Glomar response (plural Glomar responses)

  1. A response by a US government agency (etc) that it can "neither confirm nor deny" the existence of (secret) information which has been asked for.
    • 1985, United States House Committee on Government Operations, Government Information, Justice, and Agriculture Subcommittee, The Freedom of Information Reform Act: Hearings Before [...the] Ninety-eighth Congress, Second Session, on S. 774 ... May 24, 30; June 20; and August 9, 1984, page 908:
      Another legal basis for a "Glomar response" frequently available to the CIA is the provision in the current Executive Order 12356 allowing an agency to "... refuse to confirm or deny the existence or nonexistence of requested information  ..."
    • 1993, University of California, Davis.
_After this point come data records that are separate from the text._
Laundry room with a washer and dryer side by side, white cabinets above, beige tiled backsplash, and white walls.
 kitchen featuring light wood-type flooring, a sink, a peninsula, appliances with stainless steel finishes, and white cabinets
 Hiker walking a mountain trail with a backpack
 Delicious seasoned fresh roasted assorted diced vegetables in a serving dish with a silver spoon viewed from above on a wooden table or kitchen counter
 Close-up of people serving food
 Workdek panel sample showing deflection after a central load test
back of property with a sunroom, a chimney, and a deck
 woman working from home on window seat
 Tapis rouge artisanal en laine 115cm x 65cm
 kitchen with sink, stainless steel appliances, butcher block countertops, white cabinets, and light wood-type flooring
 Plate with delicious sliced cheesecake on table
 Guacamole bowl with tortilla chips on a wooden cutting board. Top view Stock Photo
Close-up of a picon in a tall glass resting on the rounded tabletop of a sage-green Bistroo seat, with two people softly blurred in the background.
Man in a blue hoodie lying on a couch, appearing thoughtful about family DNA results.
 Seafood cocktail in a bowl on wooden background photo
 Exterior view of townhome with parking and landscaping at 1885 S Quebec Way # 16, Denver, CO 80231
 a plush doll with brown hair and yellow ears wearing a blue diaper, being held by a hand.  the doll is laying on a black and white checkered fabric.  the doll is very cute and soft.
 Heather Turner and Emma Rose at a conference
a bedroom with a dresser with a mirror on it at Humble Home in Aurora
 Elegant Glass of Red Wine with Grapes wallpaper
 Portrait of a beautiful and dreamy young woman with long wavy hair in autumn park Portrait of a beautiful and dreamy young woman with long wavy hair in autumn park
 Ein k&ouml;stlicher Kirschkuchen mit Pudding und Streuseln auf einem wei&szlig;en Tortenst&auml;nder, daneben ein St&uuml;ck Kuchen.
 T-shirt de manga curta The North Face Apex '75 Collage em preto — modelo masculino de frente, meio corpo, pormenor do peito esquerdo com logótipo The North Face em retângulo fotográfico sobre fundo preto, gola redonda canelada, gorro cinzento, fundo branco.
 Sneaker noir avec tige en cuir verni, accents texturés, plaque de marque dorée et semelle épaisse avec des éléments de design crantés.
School of Law, U.C. Davis Law Review:
      If a requester knows that the CIA may use the Glomar response only for requests about covert operations, then a Glomar response to a FOIA [amounts to revealing that something exists as a covert operation].
    • 1993, Vanderbilt Journal of Transnational Law:
      As an alternative basis for its holding, the District Court held that the CIA Information Act, 50 U.S.C. § 431, permits a Glomar response only when the FOIA request relates to a covert activity.
    • 1997, Ralph C. Nash, Leonard Rawicz, Intellectual Property in Government Contracts, George Washington University, Government Contracts Program
      This is a Glomar response, and exemption 6 must be cited in the response.
    • 2006, P. Stephen Gidiere (III), The Federal Information Manual: How the Government Collects, Manages, and Discloses Information Under FOIA and Other Statutes, American Bar Association (→ISBN), page 215:
      For example, with a "Glomar response," the agency neither confirms nor denies the existence of the requested records. Such a response is appropriate where revealing even the existence of the information would be tantamount to disclosing it.
    • 2008, Access Reports/freedom of Information:
      A federal court in New York has ruled that the National Security Agency properly provided a Glomar response to attorneys ' requests for confirmation of whether their ...

Related terms[edit]

References[edit]

  1. ^ Freedom of Information Act Guide (2007), page 216
  2. ^ Herbert N. Foerstel, Freedom of Information and the Right to Know: The Origins and Applications of the Freedom of Information Act (1999, Greenwood): "Now known as a "Glomar response" (see Chapter 2), this exemption came about after FOIA requests had been submitted for contract and budget documents related to the Glomar Explorer, a secret underwater vessel."